Kalimat itu meluncur dari mulut sang ayah dengan dingin yang menusuk tulang. Seolah-olah ia baru saja meminta untuk membeli garam ke warung, bukan… menyerahkan hidup putrinya pada seorang pria asing.

Aurelia baru saja menginjakkan kaki di anak tangga terakhir saat kata-kata itu menghantamnya. Jantungnya mencelos. Ia menatap ayah dan ibu yang duduk di ruang tamu dengan ekspresi lebih pucat dari dinding rumah. Di meja, setumpuk undangan pernikahan berserakan seperti sisa-sisa medan perang. Nama sang kakak dan calon suaminya sudah tercetak jelas di sana.

"Apa maksud Ayah?" suaranya nyaris tak terdengar, seperti bisikan dalam kabut mimpi buruk yang menolak berakhir.

Bu Mirna, yang wajahnya terlihat lebih tua sepuluh tahun hanya dalam semalam, menyeka air mata dengan tisu kusut. Ia tak sanggup menatap putrinya. "Kakakmu menelepon dari Jepang dan mengatakan tidak bisa menikah."

Aurelia melangkah maju, tak percaya. “Kak Devina… bilang begitu? Kenapa?”

Ayah mengangguk, rahangnya mengeras, lalu menyahut, “Tidak tahu, dan tidak ada waktu lagi untuk tetap memaksa kakakmu. Jadi, kau harus menggantikannya.”

“Kenapa harus aku? Aku bahkan tidak mengenal pria itu,” bisik Aurelia, nyaris tidak menyadari bahwa tubuhnya mulai gemetar.

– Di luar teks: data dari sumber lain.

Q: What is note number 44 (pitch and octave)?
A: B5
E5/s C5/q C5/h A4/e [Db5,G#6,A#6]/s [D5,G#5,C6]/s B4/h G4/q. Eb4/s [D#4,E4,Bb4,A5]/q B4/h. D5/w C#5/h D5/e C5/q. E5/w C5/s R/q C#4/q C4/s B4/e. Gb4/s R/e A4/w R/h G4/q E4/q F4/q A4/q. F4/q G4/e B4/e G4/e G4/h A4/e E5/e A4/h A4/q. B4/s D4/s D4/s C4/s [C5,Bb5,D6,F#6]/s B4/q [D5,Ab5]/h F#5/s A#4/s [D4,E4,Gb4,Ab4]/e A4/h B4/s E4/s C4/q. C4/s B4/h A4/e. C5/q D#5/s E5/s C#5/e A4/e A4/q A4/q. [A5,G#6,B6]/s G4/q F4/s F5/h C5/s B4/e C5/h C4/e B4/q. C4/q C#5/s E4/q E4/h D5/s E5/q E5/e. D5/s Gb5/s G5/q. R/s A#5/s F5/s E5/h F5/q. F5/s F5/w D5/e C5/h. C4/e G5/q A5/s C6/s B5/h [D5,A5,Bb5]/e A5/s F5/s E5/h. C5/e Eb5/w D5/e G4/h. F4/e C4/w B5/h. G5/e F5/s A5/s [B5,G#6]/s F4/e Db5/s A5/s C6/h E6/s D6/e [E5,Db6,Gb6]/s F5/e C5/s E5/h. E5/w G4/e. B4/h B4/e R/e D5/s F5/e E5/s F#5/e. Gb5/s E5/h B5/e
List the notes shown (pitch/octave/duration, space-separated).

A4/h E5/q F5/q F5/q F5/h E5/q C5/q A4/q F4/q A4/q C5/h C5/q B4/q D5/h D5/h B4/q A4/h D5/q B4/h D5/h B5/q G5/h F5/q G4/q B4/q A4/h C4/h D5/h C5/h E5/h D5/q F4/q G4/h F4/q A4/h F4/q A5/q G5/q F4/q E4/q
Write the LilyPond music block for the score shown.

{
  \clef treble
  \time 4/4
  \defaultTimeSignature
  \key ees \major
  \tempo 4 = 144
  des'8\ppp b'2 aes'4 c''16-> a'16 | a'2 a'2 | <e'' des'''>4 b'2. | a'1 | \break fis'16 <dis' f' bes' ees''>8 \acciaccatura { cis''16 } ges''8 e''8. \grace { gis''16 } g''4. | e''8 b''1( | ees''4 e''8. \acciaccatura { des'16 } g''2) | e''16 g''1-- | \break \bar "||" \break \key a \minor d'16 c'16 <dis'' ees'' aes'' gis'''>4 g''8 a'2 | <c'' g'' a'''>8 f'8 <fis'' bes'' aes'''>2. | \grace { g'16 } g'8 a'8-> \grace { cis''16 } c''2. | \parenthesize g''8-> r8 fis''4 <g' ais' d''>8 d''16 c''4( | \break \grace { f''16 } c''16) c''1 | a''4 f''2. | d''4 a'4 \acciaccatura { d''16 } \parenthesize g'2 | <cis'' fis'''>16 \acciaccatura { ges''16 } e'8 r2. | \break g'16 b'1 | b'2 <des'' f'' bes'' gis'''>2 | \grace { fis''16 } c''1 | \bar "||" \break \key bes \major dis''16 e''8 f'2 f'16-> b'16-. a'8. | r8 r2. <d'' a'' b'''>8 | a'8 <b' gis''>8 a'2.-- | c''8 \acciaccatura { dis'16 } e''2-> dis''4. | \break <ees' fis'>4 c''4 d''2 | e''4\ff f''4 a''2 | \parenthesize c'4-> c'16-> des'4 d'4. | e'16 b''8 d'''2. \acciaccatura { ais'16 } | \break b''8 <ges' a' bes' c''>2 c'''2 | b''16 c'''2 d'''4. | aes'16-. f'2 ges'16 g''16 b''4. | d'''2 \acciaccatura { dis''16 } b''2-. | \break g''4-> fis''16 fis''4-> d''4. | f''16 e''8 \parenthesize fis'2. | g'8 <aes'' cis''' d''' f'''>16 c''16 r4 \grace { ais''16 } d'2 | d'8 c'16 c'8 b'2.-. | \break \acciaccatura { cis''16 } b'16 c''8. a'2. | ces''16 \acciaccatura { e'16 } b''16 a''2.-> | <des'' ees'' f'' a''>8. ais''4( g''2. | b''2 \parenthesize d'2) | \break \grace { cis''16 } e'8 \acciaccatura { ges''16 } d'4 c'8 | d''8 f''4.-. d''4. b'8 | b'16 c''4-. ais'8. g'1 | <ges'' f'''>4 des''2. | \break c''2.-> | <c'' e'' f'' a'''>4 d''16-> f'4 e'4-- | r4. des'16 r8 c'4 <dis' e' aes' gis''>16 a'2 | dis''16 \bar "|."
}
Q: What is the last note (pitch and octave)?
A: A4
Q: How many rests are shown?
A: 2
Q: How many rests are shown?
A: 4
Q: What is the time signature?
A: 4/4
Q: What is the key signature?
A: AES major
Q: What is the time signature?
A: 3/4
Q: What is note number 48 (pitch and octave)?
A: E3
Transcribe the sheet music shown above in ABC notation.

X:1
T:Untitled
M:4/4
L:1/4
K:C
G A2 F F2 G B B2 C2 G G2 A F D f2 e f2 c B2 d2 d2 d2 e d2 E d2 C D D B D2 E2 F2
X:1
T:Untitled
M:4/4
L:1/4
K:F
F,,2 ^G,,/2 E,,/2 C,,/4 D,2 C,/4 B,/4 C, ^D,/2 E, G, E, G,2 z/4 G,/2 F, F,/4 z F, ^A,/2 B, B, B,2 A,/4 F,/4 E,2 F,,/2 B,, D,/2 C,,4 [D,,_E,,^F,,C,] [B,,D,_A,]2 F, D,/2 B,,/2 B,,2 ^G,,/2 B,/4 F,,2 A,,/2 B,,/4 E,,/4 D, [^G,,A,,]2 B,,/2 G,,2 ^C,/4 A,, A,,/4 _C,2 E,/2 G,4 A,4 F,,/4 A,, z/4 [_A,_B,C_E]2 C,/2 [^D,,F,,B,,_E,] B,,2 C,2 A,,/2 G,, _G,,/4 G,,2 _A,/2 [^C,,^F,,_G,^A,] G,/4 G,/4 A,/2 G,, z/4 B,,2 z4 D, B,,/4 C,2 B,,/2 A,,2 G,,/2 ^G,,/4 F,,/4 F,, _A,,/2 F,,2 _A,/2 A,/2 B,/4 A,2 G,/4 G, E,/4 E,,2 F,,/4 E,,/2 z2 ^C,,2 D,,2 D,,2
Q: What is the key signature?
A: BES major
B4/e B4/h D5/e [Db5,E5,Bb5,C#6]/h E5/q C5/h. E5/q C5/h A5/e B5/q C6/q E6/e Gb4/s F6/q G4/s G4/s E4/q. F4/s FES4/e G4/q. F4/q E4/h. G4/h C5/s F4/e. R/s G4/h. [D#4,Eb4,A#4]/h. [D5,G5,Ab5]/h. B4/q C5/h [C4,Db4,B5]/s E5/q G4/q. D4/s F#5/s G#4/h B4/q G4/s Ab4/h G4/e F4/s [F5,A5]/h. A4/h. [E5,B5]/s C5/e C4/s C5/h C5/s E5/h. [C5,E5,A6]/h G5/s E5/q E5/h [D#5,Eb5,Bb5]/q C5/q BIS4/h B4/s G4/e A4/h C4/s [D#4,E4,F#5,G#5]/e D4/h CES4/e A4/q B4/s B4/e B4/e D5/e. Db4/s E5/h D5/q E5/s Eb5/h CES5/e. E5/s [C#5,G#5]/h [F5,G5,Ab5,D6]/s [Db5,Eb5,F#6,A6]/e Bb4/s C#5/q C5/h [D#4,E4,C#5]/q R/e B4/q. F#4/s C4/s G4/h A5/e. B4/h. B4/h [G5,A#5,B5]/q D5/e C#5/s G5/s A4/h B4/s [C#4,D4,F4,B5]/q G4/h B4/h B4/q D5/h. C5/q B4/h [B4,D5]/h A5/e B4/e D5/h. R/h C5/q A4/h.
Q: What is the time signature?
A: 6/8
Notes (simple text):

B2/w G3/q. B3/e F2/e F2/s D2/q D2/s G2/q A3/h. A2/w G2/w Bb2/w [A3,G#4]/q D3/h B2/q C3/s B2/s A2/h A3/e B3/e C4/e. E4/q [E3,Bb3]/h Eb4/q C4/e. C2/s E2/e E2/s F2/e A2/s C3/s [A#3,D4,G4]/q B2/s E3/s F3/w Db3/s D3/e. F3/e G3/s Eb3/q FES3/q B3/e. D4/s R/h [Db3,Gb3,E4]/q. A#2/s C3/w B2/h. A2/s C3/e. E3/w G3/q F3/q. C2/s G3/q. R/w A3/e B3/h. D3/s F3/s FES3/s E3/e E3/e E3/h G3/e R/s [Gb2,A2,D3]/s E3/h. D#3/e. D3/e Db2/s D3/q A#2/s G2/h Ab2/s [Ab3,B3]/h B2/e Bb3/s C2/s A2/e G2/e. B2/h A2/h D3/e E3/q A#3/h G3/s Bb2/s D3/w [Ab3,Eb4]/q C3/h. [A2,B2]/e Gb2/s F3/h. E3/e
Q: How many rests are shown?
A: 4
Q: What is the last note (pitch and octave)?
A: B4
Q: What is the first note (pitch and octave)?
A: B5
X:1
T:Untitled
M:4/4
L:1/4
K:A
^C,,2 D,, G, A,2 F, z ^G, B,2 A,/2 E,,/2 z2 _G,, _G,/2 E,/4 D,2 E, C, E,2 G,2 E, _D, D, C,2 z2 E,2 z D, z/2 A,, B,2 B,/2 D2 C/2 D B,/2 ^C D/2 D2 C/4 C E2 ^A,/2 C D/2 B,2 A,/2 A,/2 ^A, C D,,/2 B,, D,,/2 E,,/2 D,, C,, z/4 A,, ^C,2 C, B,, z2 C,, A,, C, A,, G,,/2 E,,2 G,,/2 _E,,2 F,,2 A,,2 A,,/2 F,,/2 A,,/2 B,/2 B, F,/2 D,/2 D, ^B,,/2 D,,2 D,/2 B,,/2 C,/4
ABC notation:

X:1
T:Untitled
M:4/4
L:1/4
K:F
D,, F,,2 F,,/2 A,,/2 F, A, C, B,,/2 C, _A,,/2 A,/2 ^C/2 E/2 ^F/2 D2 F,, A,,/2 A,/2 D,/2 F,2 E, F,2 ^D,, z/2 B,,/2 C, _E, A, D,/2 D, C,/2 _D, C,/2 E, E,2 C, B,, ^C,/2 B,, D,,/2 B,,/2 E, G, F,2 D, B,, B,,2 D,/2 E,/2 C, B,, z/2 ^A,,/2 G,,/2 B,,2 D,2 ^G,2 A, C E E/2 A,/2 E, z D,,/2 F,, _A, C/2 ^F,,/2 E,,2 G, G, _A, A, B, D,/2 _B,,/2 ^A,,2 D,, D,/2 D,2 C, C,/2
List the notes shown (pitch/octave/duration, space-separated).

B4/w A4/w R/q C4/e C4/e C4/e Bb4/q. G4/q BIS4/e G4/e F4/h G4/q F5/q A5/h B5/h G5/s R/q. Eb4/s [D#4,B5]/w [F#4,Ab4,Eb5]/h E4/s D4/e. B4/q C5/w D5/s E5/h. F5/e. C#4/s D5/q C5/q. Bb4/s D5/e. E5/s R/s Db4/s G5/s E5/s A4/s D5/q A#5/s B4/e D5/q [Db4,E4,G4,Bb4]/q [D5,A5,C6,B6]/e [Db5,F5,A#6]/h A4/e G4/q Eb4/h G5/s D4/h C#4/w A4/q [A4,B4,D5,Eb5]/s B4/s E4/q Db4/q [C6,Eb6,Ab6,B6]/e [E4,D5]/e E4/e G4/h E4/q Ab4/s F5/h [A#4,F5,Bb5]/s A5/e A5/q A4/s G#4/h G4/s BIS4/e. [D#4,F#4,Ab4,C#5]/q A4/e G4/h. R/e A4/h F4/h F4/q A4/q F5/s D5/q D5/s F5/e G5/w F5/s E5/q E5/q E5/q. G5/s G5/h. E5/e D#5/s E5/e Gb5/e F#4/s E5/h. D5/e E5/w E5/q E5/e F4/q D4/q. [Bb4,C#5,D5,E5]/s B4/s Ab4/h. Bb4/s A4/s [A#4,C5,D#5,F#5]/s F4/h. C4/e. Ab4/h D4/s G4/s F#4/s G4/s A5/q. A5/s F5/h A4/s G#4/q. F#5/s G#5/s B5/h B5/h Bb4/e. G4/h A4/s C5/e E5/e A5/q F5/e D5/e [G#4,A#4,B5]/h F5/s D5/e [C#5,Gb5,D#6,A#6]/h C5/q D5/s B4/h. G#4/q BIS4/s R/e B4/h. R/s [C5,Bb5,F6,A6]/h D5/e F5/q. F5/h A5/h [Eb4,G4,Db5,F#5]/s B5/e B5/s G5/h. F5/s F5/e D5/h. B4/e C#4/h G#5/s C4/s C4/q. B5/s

Ayah menatapnya, matanya tajam seperti penghakiman. “Karena hanya kau yang tersisa. Kita tidak punya waktu, Lia. Keluarga Tuan Gian marah besar. Mereka menuntut ganti rugi dua kali lipat dari seluruh biaya pernikahan. Kalau kita tidak bertindak… habislah semuanya.”

“Tabungan, rumah, toko ayahmu… semua akan lenyap,” tambah Ibu dengan suara lemah. “Dan bukan hanya itu. Nama baik keluarga kita akan hancur. Jadi satu-satunya cara adalah kau yang harus menggantikan Devina.”

Aurelia tertawa getir. Bukan karena lucu, tapi karena betapa konyolnya dunia yang ia tinggali. “Jadi karena satu orang melarikan diri, orang lainnya harus dikorbankan? Kenapa sejak dulu selalu aku yang harus jadi tumbal kalian?”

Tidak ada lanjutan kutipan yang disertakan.